Exercise directions
Scan the entries below and state how many lines contain "Picture". No other output.
***
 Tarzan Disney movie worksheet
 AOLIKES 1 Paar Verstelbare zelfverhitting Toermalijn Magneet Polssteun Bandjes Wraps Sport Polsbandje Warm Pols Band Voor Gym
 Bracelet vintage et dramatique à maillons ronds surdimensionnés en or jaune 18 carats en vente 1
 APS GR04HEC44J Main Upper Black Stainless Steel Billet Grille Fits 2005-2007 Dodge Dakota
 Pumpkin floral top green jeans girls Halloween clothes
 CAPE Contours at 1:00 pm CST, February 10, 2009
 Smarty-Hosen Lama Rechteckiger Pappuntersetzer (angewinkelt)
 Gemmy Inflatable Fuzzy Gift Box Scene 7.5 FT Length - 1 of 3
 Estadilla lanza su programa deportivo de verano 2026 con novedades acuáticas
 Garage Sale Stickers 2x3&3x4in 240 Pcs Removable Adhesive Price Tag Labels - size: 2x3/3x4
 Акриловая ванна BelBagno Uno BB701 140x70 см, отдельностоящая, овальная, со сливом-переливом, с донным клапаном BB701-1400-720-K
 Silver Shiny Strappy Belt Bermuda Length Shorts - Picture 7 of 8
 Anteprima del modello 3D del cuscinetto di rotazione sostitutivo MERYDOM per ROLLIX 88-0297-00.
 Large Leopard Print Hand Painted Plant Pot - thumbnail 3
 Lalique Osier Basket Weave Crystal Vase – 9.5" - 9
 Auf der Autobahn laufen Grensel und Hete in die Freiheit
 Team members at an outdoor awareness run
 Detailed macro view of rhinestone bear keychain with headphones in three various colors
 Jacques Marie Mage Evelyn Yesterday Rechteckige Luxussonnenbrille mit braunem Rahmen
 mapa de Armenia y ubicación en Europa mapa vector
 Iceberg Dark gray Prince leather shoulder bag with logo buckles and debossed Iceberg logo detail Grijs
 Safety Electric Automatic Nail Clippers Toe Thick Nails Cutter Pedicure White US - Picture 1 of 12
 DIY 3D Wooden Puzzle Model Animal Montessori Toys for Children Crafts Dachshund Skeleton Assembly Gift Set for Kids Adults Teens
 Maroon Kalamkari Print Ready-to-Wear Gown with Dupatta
***
Reply to the exercise
2